One of the methods of transport in the game and in real life you need to be a bit more careful with (fewer tickets/more expensive) are taxis.  One may even be tempted to give Uber a call to save money.  However not everyone is happy with Uber, since its introduction in the UK there have been a number of legal challenges on various issues.

  1. In October 2015 TfL brought a case in the High Court, Transport for London v Uber London Ltd [2015] EWHC 2918 (Admin); [2016] RTR 12. The case related to the way in which Uber calculates the fares (drivers use an app) after looking at it, the court ruled that the app is legal.
  2.  In October 2016, in the case of Aslam v Uber BV  [2016] UKET 2202551/2015; [2017] IRLR 4, the Central London Employment Tribunal ruled that Uber drivers are “workers” rather than being self-employed. This means that they would be entitled to the minimum wage, paid holiday, sick leave etc. On appeal in November 2017, the Employment Appeal Tribunal  (UKEAT/0056/17/DA) upheld the ruling but Uber indicated that it would appeal again so watch this space as it will have legal implications on other similar employers.  If you are interested in looking for Employment Tribunal cases then you can look at a number of the subscription databases however cases BAILII (British and Irish Legal Information Institute) have selected Employment Tribunals for more recent years and Employment Appeal Tribunals.
  3. Grey Ball by Kristin Kokkersvold reproduced under Creative Commons Licence.

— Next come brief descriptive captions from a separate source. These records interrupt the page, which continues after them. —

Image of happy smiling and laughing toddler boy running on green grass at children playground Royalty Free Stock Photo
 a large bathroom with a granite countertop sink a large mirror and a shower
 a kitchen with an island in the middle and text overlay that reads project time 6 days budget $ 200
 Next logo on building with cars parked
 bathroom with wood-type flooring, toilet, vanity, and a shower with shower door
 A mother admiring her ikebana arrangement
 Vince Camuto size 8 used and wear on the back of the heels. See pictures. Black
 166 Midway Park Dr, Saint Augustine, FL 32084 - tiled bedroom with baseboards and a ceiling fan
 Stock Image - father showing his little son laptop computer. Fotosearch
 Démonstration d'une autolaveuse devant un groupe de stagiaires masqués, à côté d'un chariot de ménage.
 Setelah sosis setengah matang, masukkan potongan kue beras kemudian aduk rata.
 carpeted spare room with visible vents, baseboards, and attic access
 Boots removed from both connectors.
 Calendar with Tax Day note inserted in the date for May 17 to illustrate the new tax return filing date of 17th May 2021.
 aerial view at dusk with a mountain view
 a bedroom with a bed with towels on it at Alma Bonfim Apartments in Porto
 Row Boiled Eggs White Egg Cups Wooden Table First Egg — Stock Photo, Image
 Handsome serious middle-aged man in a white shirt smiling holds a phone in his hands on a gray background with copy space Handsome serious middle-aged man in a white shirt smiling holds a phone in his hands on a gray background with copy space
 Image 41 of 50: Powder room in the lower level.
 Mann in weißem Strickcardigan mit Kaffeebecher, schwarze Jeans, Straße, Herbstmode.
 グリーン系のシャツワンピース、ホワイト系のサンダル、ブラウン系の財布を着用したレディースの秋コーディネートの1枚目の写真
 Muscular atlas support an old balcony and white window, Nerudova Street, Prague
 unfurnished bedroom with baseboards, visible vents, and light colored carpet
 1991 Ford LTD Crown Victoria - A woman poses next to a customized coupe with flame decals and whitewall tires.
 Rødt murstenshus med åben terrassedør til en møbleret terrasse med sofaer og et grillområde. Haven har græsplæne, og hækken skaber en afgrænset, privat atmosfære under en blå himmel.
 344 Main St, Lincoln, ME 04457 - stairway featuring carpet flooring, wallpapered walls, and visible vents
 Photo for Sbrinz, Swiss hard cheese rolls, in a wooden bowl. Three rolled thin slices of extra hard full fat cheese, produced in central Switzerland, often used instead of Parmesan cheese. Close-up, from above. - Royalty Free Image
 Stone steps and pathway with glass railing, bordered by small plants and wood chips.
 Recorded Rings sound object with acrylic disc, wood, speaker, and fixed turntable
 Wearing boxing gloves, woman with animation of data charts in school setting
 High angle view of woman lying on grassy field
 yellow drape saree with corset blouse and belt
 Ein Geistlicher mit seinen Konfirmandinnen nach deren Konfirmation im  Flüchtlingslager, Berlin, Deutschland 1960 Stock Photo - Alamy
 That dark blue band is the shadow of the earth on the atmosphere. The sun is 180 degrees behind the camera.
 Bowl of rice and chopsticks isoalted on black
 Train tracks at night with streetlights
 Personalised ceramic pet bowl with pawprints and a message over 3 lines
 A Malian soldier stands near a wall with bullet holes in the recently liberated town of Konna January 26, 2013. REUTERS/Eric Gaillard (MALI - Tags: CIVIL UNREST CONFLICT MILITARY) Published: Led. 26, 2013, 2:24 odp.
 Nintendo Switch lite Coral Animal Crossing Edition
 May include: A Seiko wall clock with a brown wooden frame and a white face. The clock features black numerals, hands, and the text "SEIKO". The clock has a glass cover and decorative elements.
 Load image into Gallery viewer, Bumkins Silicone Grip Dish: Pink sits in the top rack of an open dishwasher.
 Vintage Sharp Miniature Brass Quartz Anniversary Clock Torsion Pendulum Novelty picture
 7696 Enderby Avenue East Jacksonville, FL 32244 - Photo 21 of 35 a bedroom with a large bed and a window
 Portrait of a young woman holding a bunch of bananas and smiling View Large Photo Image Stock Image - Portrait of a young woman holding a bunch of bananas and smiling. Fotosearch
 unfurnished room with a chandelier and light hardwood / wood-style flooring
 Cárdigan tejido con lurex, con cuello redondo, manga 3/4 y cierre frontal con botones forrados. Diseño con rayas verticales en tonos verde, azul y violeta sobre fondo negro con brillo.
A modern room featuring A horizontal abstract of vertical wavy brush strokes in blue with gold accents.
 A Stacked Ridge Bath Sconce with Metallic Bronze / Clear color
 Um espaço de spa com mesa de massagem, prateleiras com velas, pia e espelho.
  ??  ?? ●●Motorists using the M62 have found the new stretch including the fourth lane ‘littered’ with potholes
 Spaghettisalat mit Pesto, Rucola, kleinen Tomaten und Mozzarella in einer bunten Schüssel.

    Not so much a legal challenge as such but in September 2017 Transport for London announced that it would not be renewing the licence of Uber’s local service provider ULL(Uber London Ltd). TfL was concerned over a number of issues but an interesting element, according to the media, was the use of software called Greyball, I will leave it up to the reader to investigate the story behind the software but needless to say it could possibly allow users to evade the law and fly under the radar which brings us neatly back round to the game of Scotland Yard. Uber indicated that it would appeal against the decision.

 

 

 

For those interested, the licencing and regulation of private hire vehicles and operators and drivers within the City of London is governed by the Private Hire Vehicles (London) Act 1998.  Transport for London is the licensing authority (under the act) and they have the power to prescribe further requirements through regulations (s.32).  An abstract of current legal requirements for drivers and operators can be found on TfL’s website but as the documents suggest you need to look at the legislation itself for the law.  The best place to look for legislation is one of the major UK databases (Westlaw or Lexis Library) as it will have the legislation as amended and as up to date as it can be.